Interest in the National Pension System has surged in recent months as policy enhancements and structural updates have made the retirement platform more flexible and appealing for investors. If you’re planning to invest in NPS, understanding the difference between its two main structures—the traditional Common Scheme and the newer Multiple Scheme Framework (MSF)—is essential before making a decision.

Two Investment Structures Within NPS

The NPS currently offers two distinct frameworks:


  • Common Scheme (Traditional Structure)


  • Multiple Scheme Framework (MSF)


  • Both serve the same retirement goal but differ significantly in flexibility, customization, and investment choices.

    How the Common Scheme Works

    The Common Scheme follows a standardized investment process designed to be simple and uniform for all subscribers. Under this structure, an investor can select only one scheme per tier and decide how funds are allocated among asset classes.


    Investors can choose between two allocation styles:

    Active Choice

    Here, you decide how much to invest in:



    • Equities (stocks)


    • Corporate bonds


    • Government securities



    Allocation depends on your risk appetite. Younger investors may choose higher equity exposure for growth, while conservative investors may prefer safer assets.

    Auto Choice

    In this option, asset allocation is automatically determined based on pre-set life-cycle models such as Life Cycle 25, 50, or 75. These adjust investments according to age:



    • Younger investors → higher equity allocation


    • Older investors → more funds in safer instruments



    This automatic rebalancing makes it suitable for those who want a hands-off approach.

    Advantages of the Common Scheme

    The Common Scheme’s structured design offers stability and simplicity. Because it has limited customization, it’s often considered ideal for long-term retirement planners who prefer minimal changes in their portfolio strategy.


    There is also a cap on equity exposure—generally up to 75%, which gradually reduces as the subscriber ages. This mechanism helps lower risk as retirement approaches.


    Investors who want conservative options can even allocate their entire corpus to government securities for maximum safety.

    What Is the Multiple Scheme Framework (MSF)?

    The MSF is a newer and more flexible structure introduced to expand choice for subscribers. Unlike the single-scheme approach, MSF allows pension fund managers to offer multiple investment schemes tailored to different investor profiles.


    For example, schemes can be designed specifically for:



    • Women investors


    • Gig workers


    • Self-employed individuals


    • Long-term aggressive investors



    This means investment strategies can be customized based on lifestyle, profession, and financial goals—something not possible in the traditional structure.
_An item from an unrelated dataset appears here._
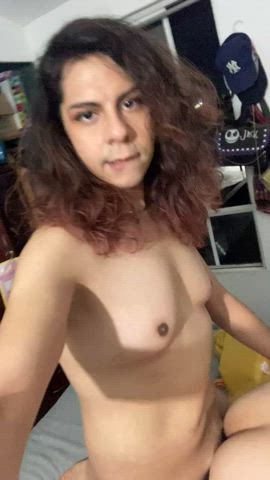 You’d let me fuck your ass like this?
    Wider Choice Under One Account

    One of MSF’s biggest advantages is that it allows multiple schemes under a single PRAN (Permanent Retirement Account Number). Currently, around 16 schemes are available within this framework, giving investors a wide range of options without needing multiple accounts.


    Various pension fund managers offer different strategies. Some focus on long-term equity growth, while others emphasize balanced or conservative approaches. This variety helps investors diversify their retirement portfolio more efficiently.

    Key Differences at a Glance



    Feature Common Scheme MSF



























    Flexibility Limited High
    Number of schemes One per tier Multiple options
    Customization Minimal Personalized
    Investor control Moderate Extensive
    Suitable for Simple, long-term investors Active, goal-based investors
    Which Option Might Be Better for You?

    The right choice depends on your financial goals, risk tolerance, and level of involvement:



    • Choose Common Scheme if:
      You want a straightforward retirement plan, minimal monitoring, and predictable asset allocation.


    • Choose MSF if:
      You prefer flexibility, want tailored strategies, or plan to actively manage your retirement investments.


    Final Verdict

    Both NPS structures are designed to help you build a retirement corpus, but they cater to different types of investors. The Common Scheme offers simplicity and stability, while the MSF provides customization and broader investment choices. Before deciding, assess your risk appetite, investment knowledge, and retirement goals. Selecting the right structure today can significantly influence the financial comfort you enjoy after retirement.